While the Duyfken was at sea on the deck of another ship, Mirjam Hilgeman was anxious.
"She's only been away 10 days, but it felt like a lifetime," Ms Hilgeman said. "Her on a voyage on her own is like a kid going off overseas. 'Are you going to be okay?'. So it was good to see she was all fine when she arrived."
The original Duyfken was the first European ship recorded to have reached Australia. The vessel belonging to the Dutch East Indies Company sailed from modern-day Indonesia to the coastline around Cape York in 1606.
"The Duyfken tells the story of the very first point of contact between First Nations peoples and Europeans in Australia, 164 years before that much more famous voyage of Cook," said Michael Harvey, the assistant director of the Australian National Maritime Museum.
The Duyfken replica was built in WA in the late 1990s to raise awareness of that long Dutch maritime connection to Australia. The replica took shape using not just traditional shipbuilding techniques but materials that reached across the globe.
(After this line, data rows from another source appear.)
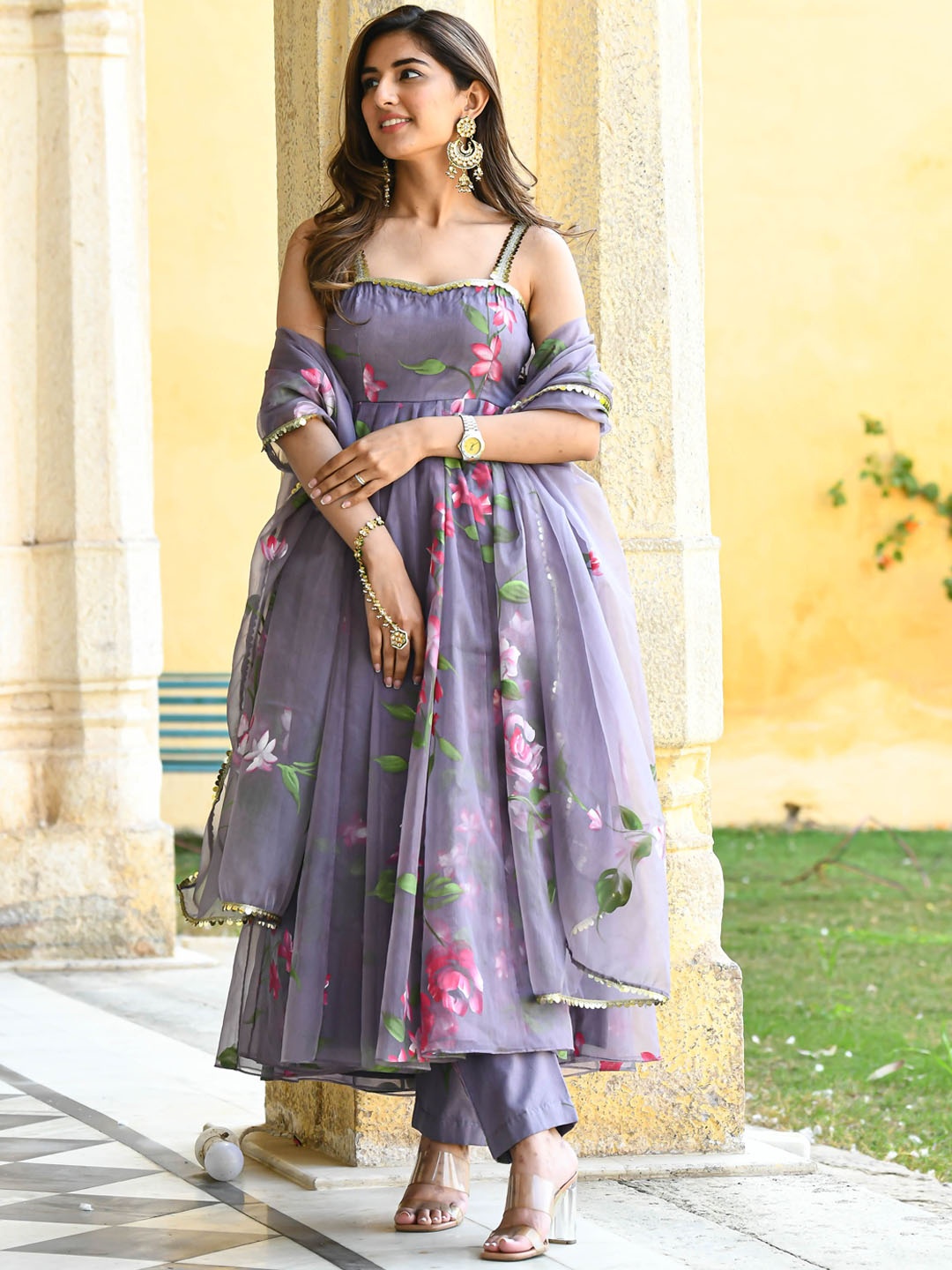 

Bunaai Floral Printed Anarkali Kurta with Trousers & Dupatta, Grey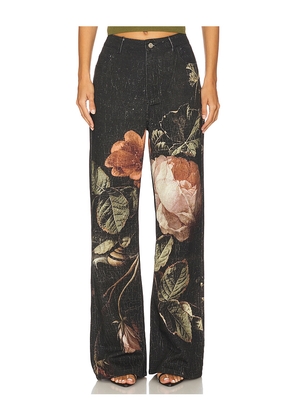 Courtney Zheng Anouk Printed Jeans in Black. Size 10/M. Also in 12/L.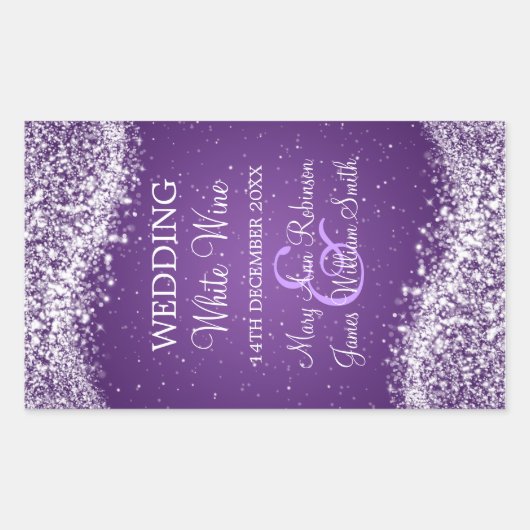 エレガントなウェディングワインラベルきらめくウェーブパープル 長方形シール (正面)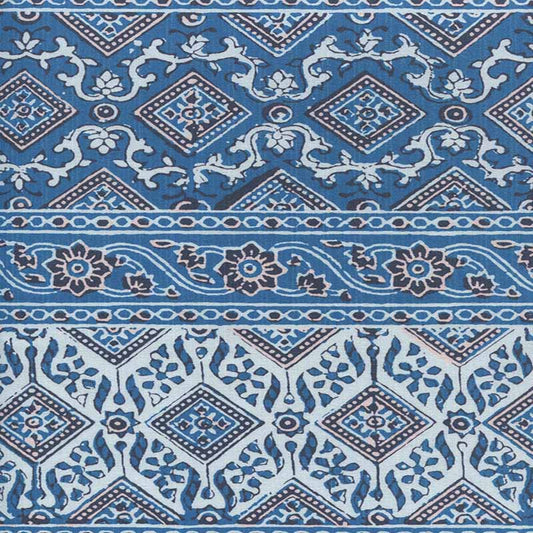 Lorenzo Stripe Multi Agean Blue Black fabric by Quadrille
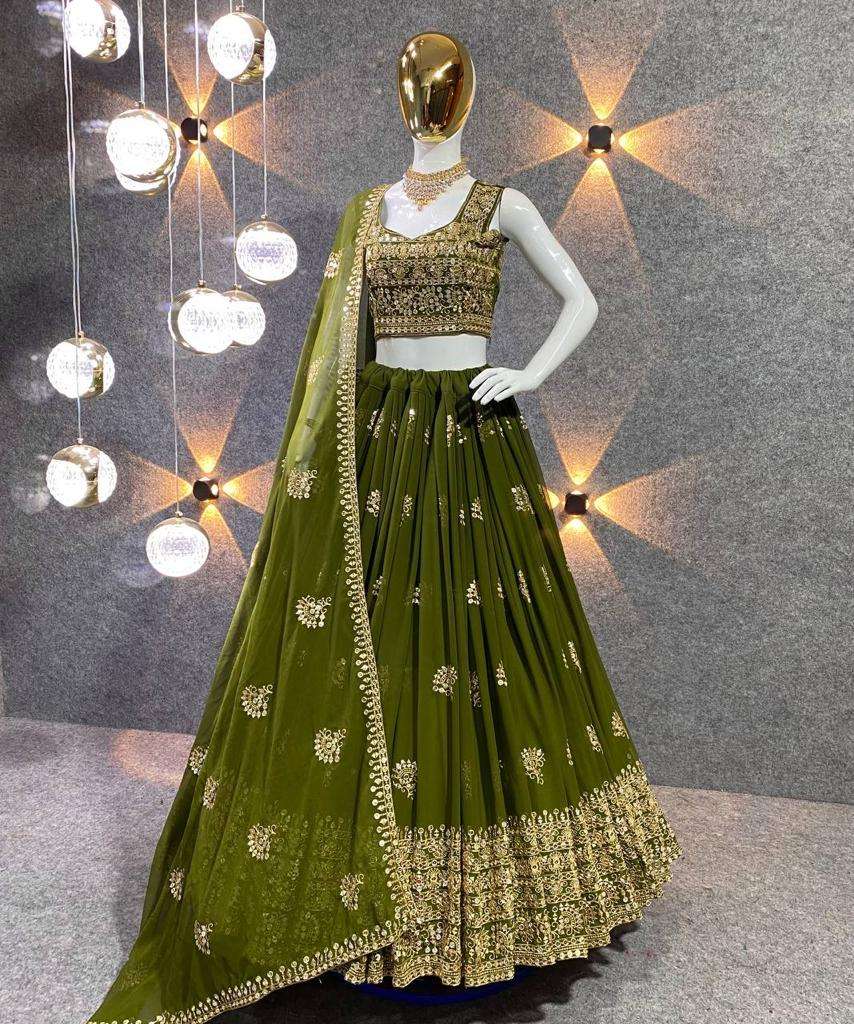 N-195 BY AQSAWHOLESALE GEORGETTE EMBROIDERY SEQUENCE WORK LEHENGA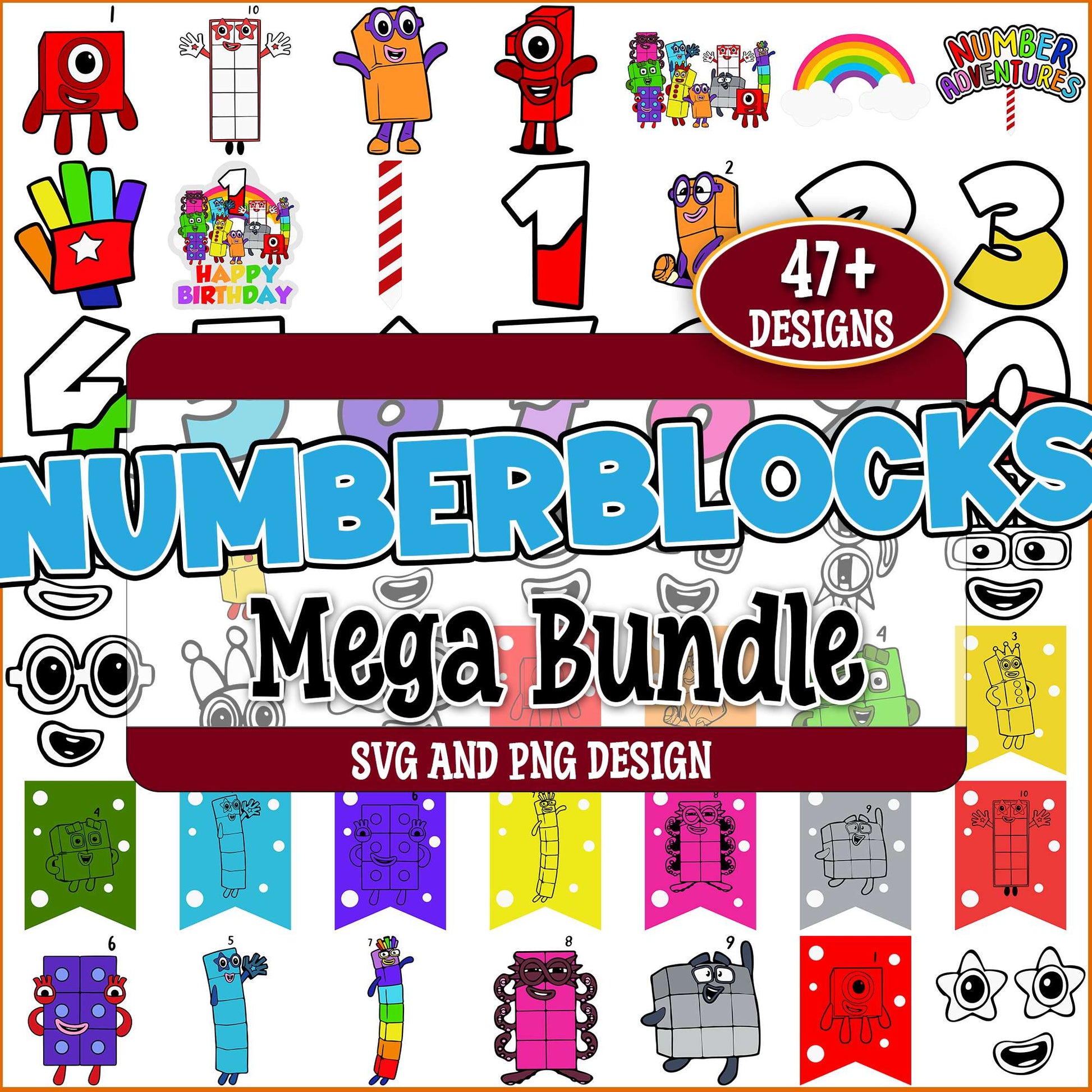 Numberblocks birthday svg bundle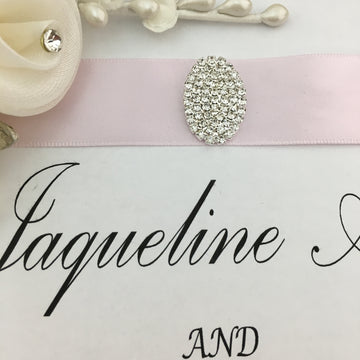 Silver Oval Invitation Buckle Embellishments | Bellaire Wholesale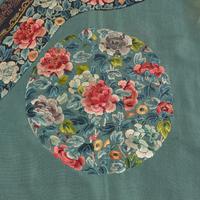 A Chinese Green Gauze Embroidered Lady's Informal Robe, Jifu, 19th Century — 清中晚期 綠地納紗八團牡丹花卉紋女吉服袍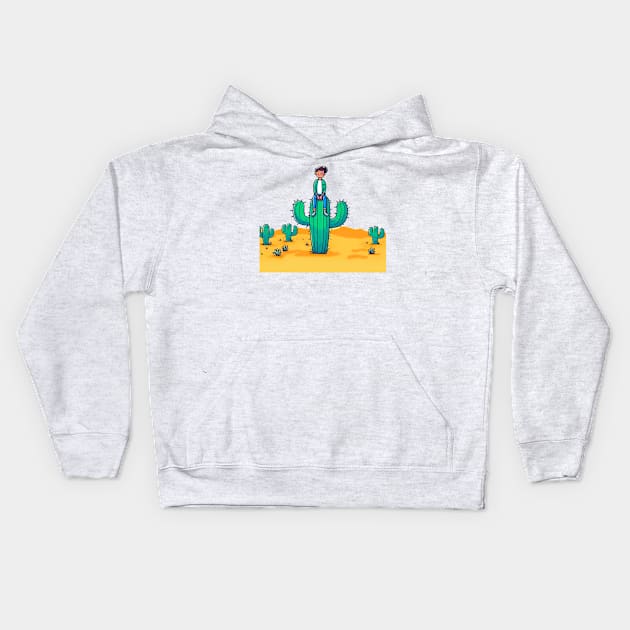 Sitting on thorns on a Mexican cactus Kids Hoodie by Marccelus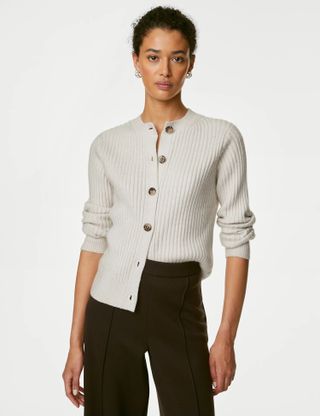 M&S Collection + Knitted Ribbed Crew Neck Cardigan
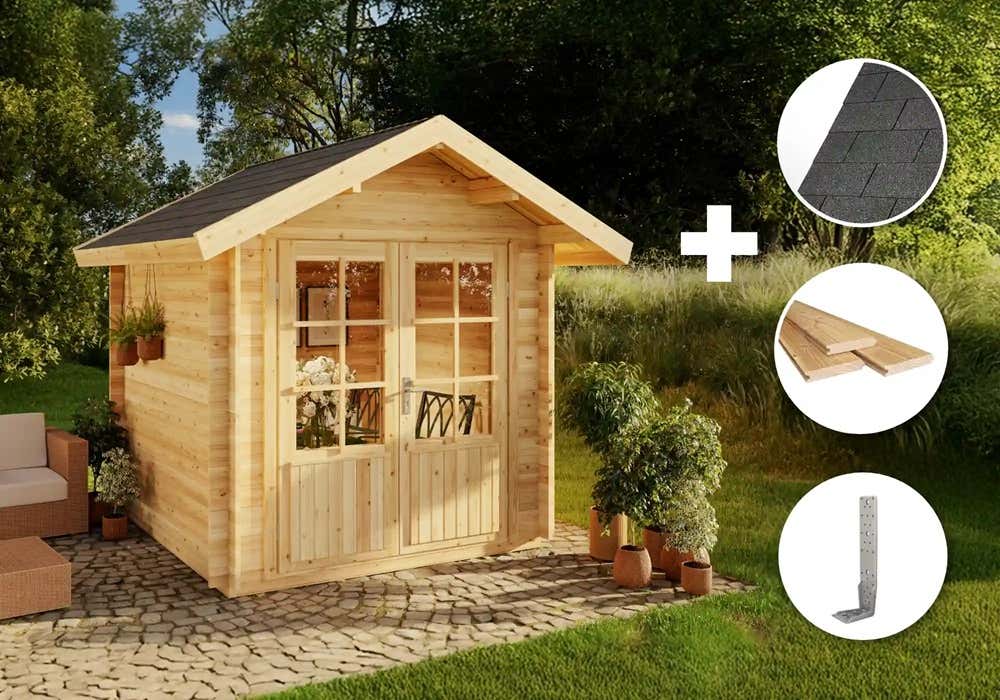 ECO Set - Gartenhaus Palma | 3x3m | Restposten 21% Rabatt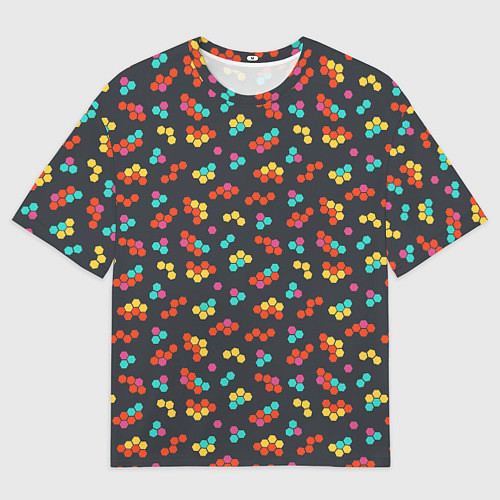 Мужская футболка оверсайз Цветные детали мозаики / 3D-принт – фото 1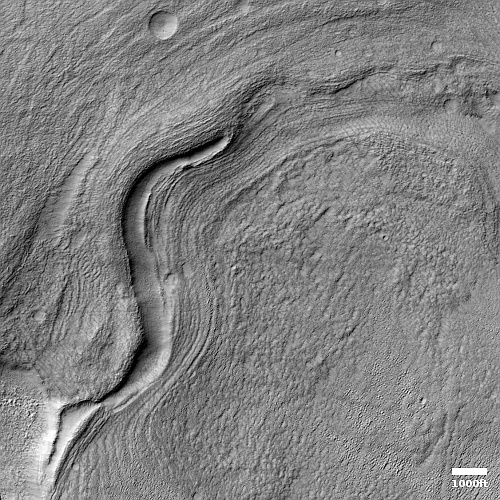 Swirling layers in the basement of Mars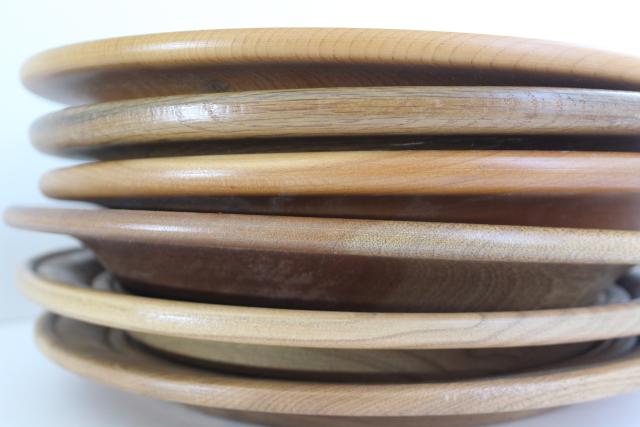 photo of rustic vintage wooden trenchers, harvest table charger plates crafted from different woods #9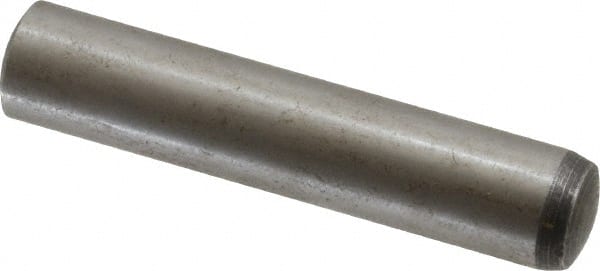 Value Collection - 10mm Diam x 50mm Pin Length Alloy Steel Standard Dowel Pin - C 58-62 Hardness, 37,100 Lb Breaking Strength, 1 Rounded End - Exact Tooling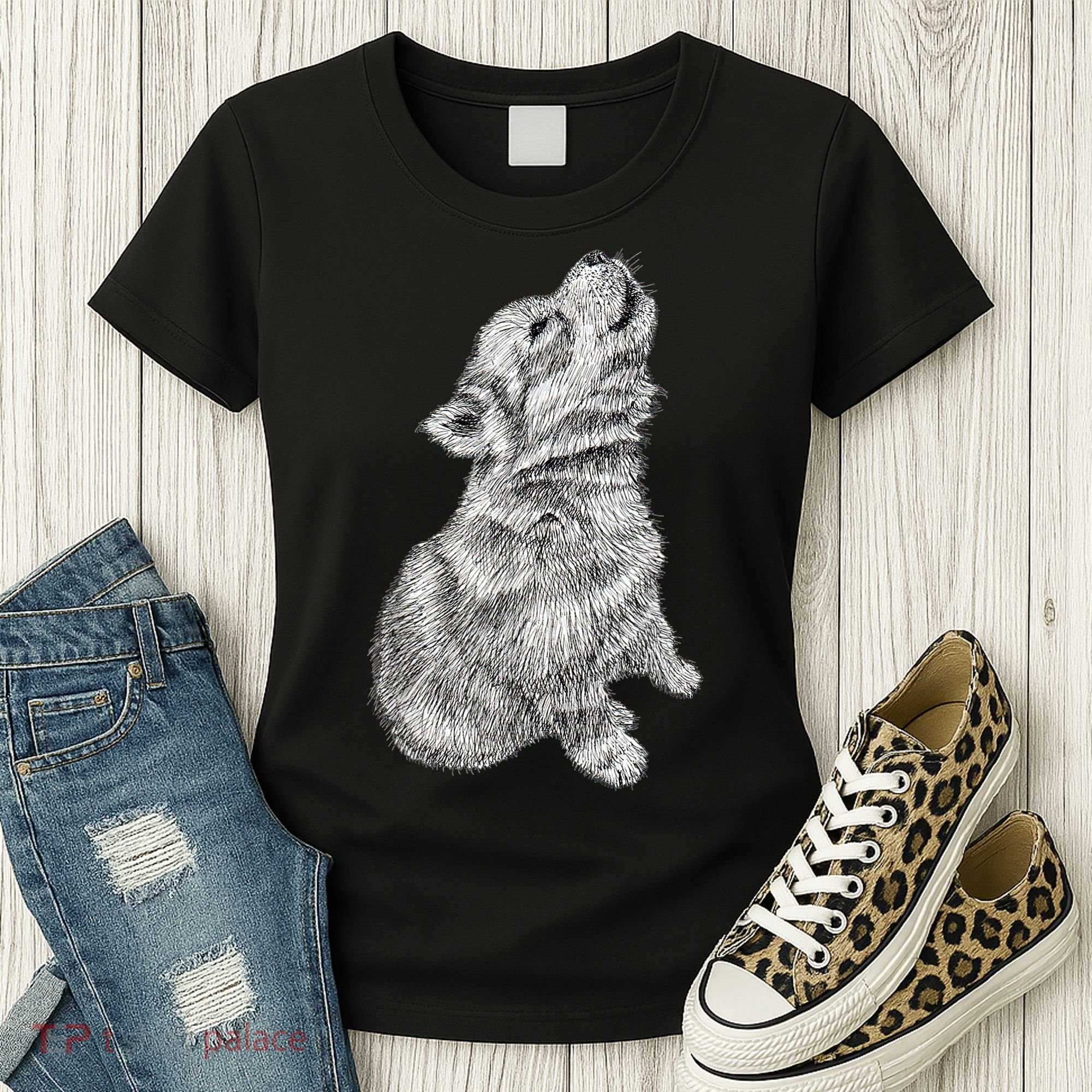 Cute Baby Howling Wolf Cub Sketch TShirt Women's T-Shirt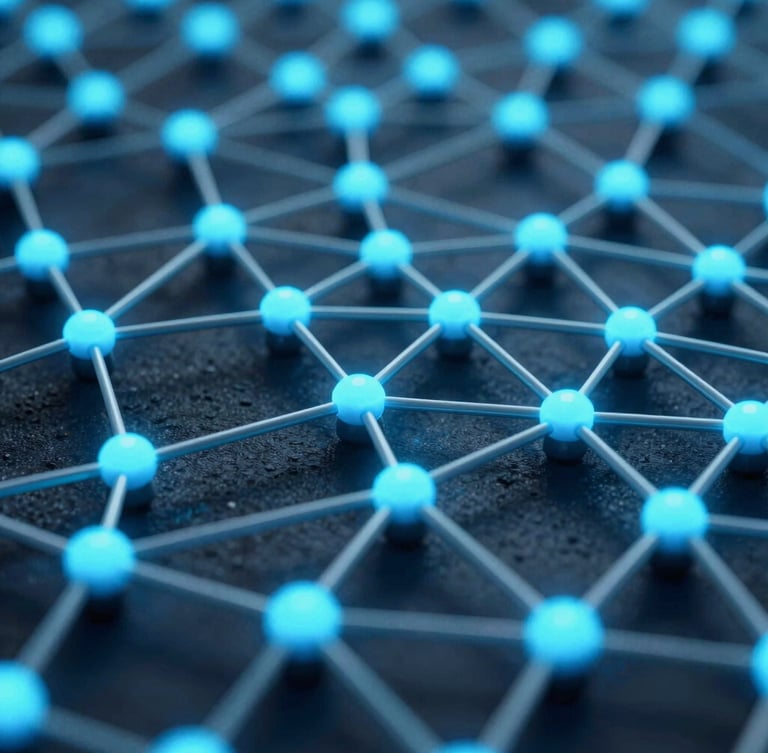 Vista macro de nodos de red tridimensionales interconectados con líneas de luz cian sobre un fondo azul oscuro, estilo tecnológico de precisión.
As he stood on the wharf, looking at the little vessel, Peter Bowman, the CEO of the Duyfken 1606 Replica Foundation, said the timber for the hull was European oak, sourced from forests in Latvia. Even that timber told another story from history.
"Ironically in some of the timbers there we've still got shrapnel from the First World War," Mr Bowman said.
The foundation is handing the Duyfken replica to the Australian National Maritime Museum, after the money hunt to keep the ship operating became more difficult this year when the WA government's funding ended. While the ship's departure prompted criticism in the west, Mr Bowman said he thought the new home in Sydney would be good for the Duyfken and its profile.
"I'm pretty pragmatic, I reckon it's fantastic," he said. "When I started learning about, and understanding, the ship and its significance in Australia's history, we would have been quite selfish just to keep on the west coast, that's how I see it."
Andrew Bibby saw the move as positive.
"We know now her future is guaranteed, which is quite a comforting thing," he said.
The museum's Michael Harvey said the Duyfken was a valuable addition to its fleet.
"As a working replica, it's a vessel we'll be able to take people out on the harbour on," he said. "And because it's small, it's very agile."
But first the job of rerigging the Duyfken has to be completed. The ship is expected to set sail from Newcastle on Monday and arrive in Sydney the following day.
And amid the cramped quarters will be the couple who sails together, on fair seas and foul, delighted to be back on the Duyfken.
"She's a beautiful replica," said Ms Hilgeman. "She's astonishingly made, she sails beautifully, she tells the story, and she's a great little vessel."